Japan Geoscience Union Meeting 2016

Presentation information

International Session (Oral)

Symbol H (Human Geosciences) » H-TT Technology & Techniques

[H-TT08] Geoscientific applications of high-definition topography and geophysical measurements

Sun. May 22, 2016 9:00 AM - 10:30 AM 202 (2F)

Convener:*Yuichi S. Hayakawa(Center for Spatial Information Science, The University of Tokyo), Hiroshi, P. Sato(College of Humanities and Sciences, Nihon University), Shoichiro Uchiyama(National Research Institute for Earth Science and Disaster Prevention), Shigekazu Kusumoto(Graduate School of Science and Engineering for Research, University of Toyama), Thad Wasklewicz(East Carolina University), Daniele Giordan(National Research Council, Rome), Hiroyuki Obanawa(Center for Environmental Remote Sensing, Chiba University), Chair:Hiroshi, P. Sato(College of Humanities and Sciences, Nihon University), Hiroyuki Obanawa(Center for Environmental Remote Sensing, Chiba University)

9:05 AM - 9:20 AM

[HTT08-01] Morphological analysis of debris flow deposits in steep headwater channel using multi-temporal terrestrial laser scanning: a 4-year case study at Ohya-kuzure Landslide, central Japan

*Yuichi S. Hayakawa1, Fumitoshi Imaizumi2, Norifumi Hotta3, Haruka Tsunetaka3 (1.Center for Spatial Information Science, The University of Tokyo, 2.Faculty of Agriculture, Shizuoka University, 3.Graduate School of Life and Environmental Sciences, University of Tsukuba)

Keywords:debris flow, TLS, point cloud, DEM, geomorphometry

Since the formation of the Ohya-kuzure landslide in 1707, its steep, rugged terrain has continued production of a vast amount of sediments by frequent debris flows. Recent works of erosion controls have resulted in vegetation recovery in many slopes in the landslide terrain, but in some subcatchments with very steep slopes, slope deformation and sediment transportation by debris flows are still frequently observed. The Ichinosawa subcatchment shows the highest frequency of debris flows in the recent decade. We focus on this subcatchment, in which numerous debris flows occur by several causes favorable for the initiation, including heavy rainfalls, steep channel slopes and frequent recharge of sediments from steep landforms with deformed sedimentary rocks. In this study site, detailed monitoring and related topographic measurements have previously been performed, yet the details of geomorphic processes are still in progress to be further investigated.

Here we perform terrestrial laser scanning of channel bed sediments in the Ichinosawa subwatershed to examine volumetric and morphological changes in the sediments.
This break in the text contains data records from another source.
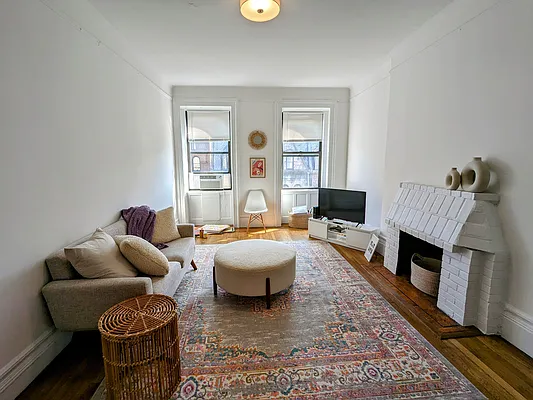 Rented by Guidance Realty Corp. | media 2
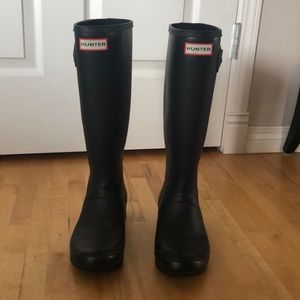 Size 7 (US) Black Hunter Boots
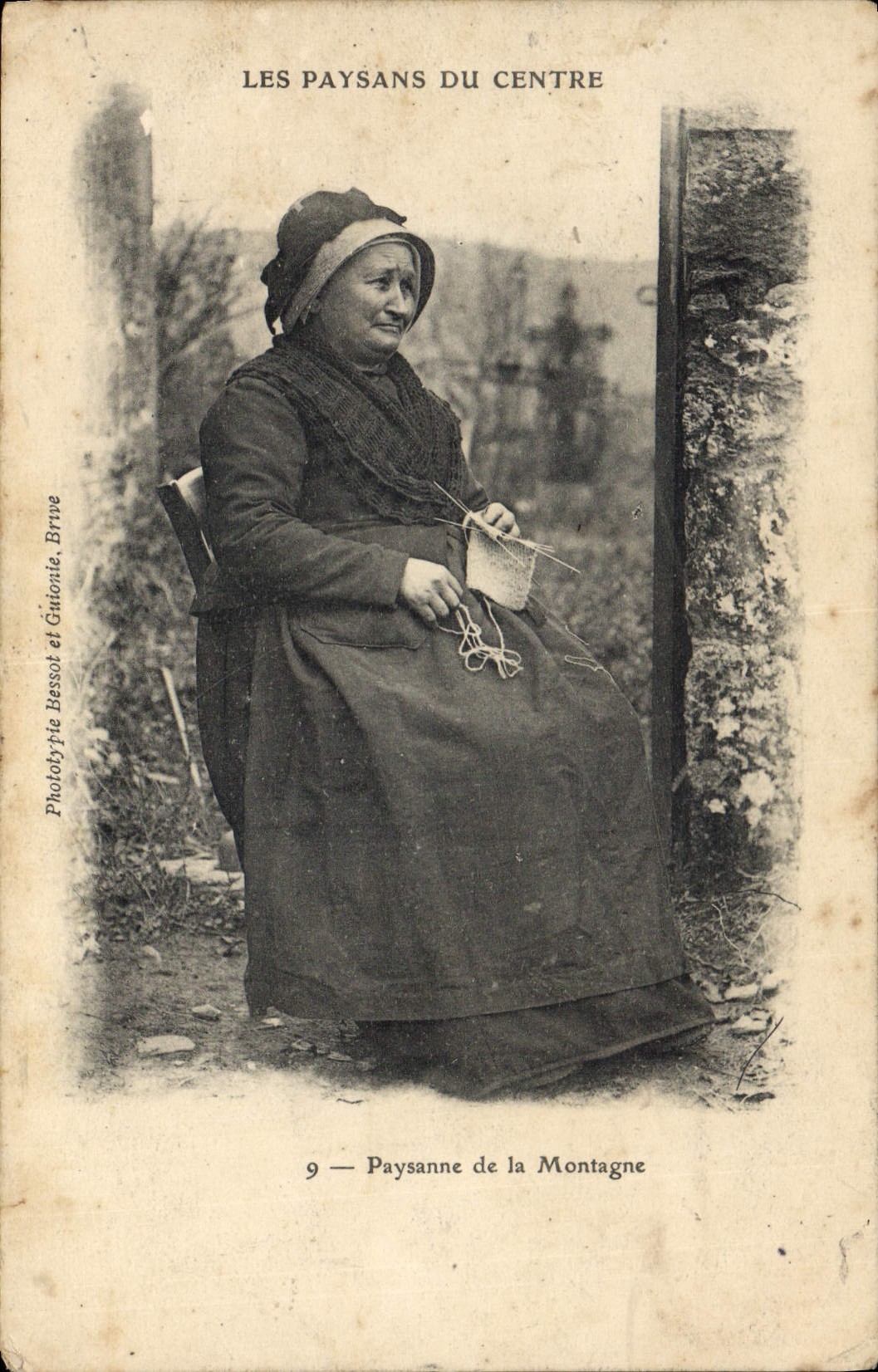 CPA Folklore Paysans du Centre Paysanne de la montagne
The TLS data were collected for 3 seasons each year since November 2011, hence comprising 12 datasets. Every point cloud data for different time is georeferenced using GNSS-derived ground control points, while if applicable, alignments of point clouds for adjacent time are further refined by cloud-based registration using the inertial closest point algorithm for unchanged slope characteristics. While the point cloud analysis shows a high potential of morphological measures in the study reach, we also carry out a DEM-based analysis at a resolution of 0.1 m for the basic volumetric and morphometric measurements. Estimated annual sediment storage and yield in the study reach falls into the order of thousands of cubic meters, which corresponds well with the measurements by other approaches. Longitudinal and transverse profile analyses demonstrate the segmentation of the study reach bounded by the narrowing of valley width with bedrock exposures (knickpoint) on the valley floor. Topographic metrics including stream gradient, surface roughness and openness are also examined to show distinctive characteristics of sediment transportation induced by debris flows along the study reach. This study is supported by JSPS KAKENHI Grants (26292077 and 25702014).